→ ABOUT THIS EXERCISE: If a line in the entries contains the word "Home", list it.

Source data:
══════════

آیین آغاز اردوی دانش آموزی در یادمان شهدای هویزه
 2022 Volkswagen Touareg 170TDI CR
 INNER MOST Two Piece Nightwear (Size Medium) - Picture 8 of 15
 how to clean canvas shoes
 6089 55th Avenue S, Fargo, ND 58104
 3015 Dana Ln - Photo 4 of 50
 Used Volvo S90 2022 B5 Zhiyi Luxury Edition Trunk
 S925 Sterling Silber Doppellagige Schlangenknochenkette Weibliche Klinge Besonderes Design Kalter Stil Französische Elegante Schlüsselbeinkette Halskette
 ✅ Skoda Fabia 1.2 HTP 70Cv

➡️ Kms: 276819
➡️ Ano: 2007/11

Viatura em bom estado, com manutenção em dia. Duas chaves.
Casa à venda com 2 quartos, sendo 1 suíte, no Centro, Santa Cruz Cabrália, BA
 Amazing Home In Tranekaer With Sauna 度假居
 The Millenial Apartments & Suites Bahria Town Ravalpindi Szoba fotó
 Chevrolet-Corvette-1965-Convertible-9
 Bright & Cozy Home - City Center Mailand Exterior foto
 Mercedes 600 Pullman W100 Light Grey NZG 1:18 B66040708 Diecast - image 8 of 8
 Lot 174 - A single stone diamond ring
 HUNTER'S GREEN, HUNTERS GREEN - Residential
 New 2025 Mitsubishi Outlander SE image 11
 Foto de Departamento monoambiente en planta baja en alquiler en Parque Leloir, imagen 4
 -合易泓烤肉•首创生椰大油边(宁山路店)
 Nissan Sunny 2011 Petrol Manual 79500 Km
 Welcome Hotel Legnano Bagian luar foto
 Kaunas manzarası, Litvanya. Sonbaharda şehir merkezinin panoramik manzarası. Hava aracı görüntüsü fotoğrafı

══════════

→ TASK ANSWER:
 Amazing Home In Tranekaer With Sauna 度假居
 Bright & Cozy Home - City Center Mailand Exterior foto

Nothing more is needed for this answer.